Double Down or Batten Down?

To read the papers, blogs and listen to TV news is to get lost in a sea of contradictions. "Now is the time to double down!" some will say as they name the great businesses that were born in past turbulent times.  "Batten down the hatches!" others say as they insist you must cut costs anywhere and everywhere to survive the doom and despair that, almost, every business is fighting through.

Are either a true and pure strategy?  Bet it all or hide in the corner?

For starters, the last thing you want to do at times like these is get stuck while wondering which path to choose.  So, I put it to you, why must you choose one or the other?  Why not double down on the area(s) of your business that you are truly best at and batten down the rest?

Why not take the time (now!) and figure out what the most profitable activities are for your business. Find out what products/services your clients love... by asking them!

Here is a plan to consider:

1) Call as many clients as you can in the next 3 weeks and ask them why they choose to work with you over anyone else. Push them to be specific. This is for them as much as it is for you. At the same time, ask your staff what they think you do best.  Ask them why they think clients like working with them and the company.

Resist the urge to guess the answers in advance and let the clients real words come through.  In my experience, some clear trends will emerge, quickly.  Do not stress if what they say is different from what your competitors are doing or what you had hoped and wished they would say.   In fact, rejoice if that is the case. You already know your "world view" of your business. You want and need theirs. Finding the intersection where what you do best connects with what your clients truly give a shit about is your best target.

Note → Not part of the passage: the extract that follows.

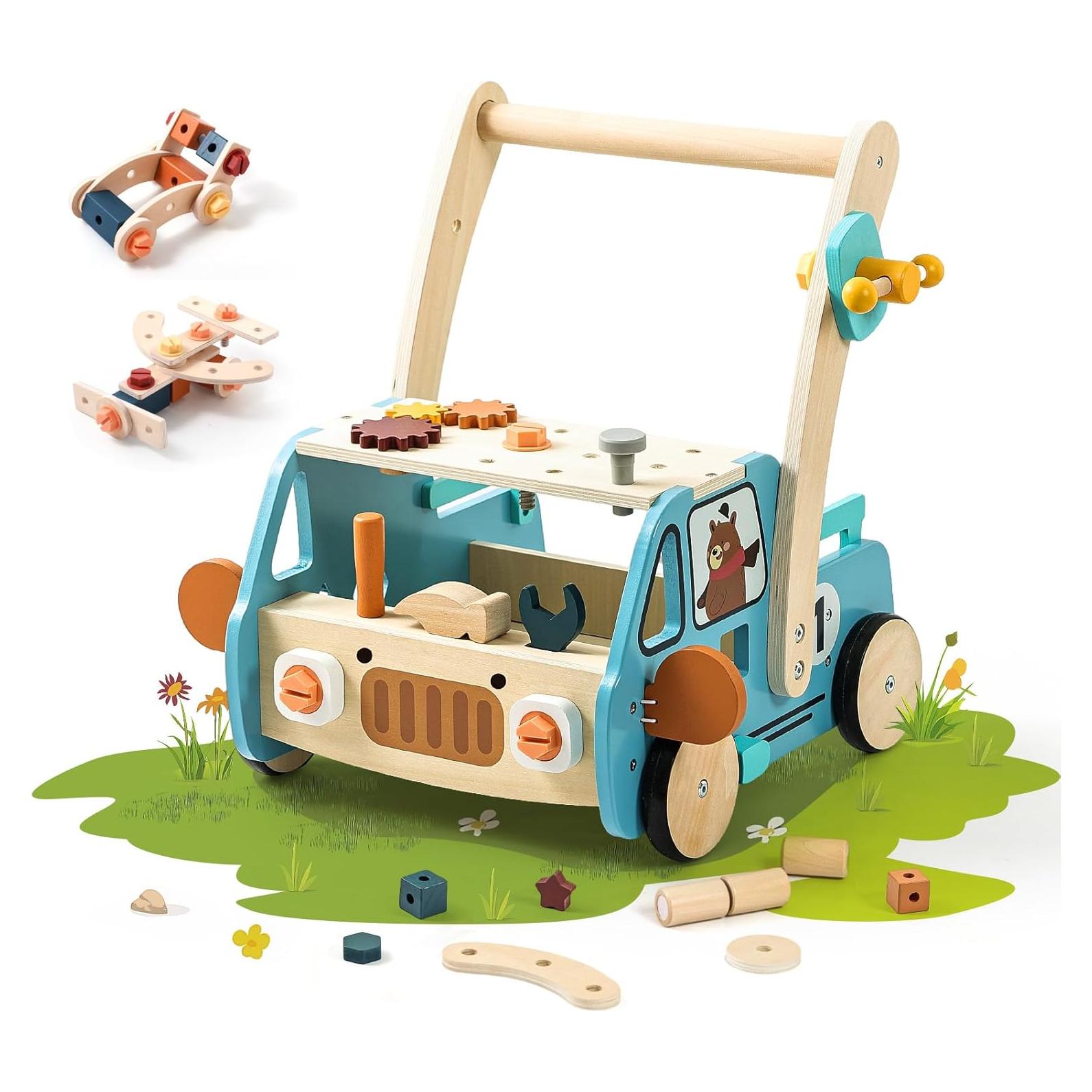 Andador de Madera OESSUF 2-en-1 con 40 Juguetes para Bebés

2) Write down those key products/services as your "core" offering. That is where you want to double down and innovate, improve and focus.  That is where the time, energy, innovation and money goes. It is the safest bet you can make. Communicate it clearly to everyone inside and outside the business.  Tell them your plans, what new cool tools are coming next. Show them that you listened to them and the specific things you are going to make real.

3) With this focus in place, go through every single expense.  It should now be easy to decide which ones support your core and which ones do not. If it does not, then batten it down (Reduce it to an absolute minimum or eliminate it completely). Do it all at once. Explain the reasoning behind it to everyone and get past it.

If you feel that there is not enough money to invest in your core, try the "$1.00 less" exercise. To be candid, it is as painful as it is effective.  Get your budgets, revenue, expense and any other reports you need all together and figure out how you design your business so that it spends at least $1.00 less than it earns. You may want to do this with a conservative estimate of what you think you will realistically earn in 2010.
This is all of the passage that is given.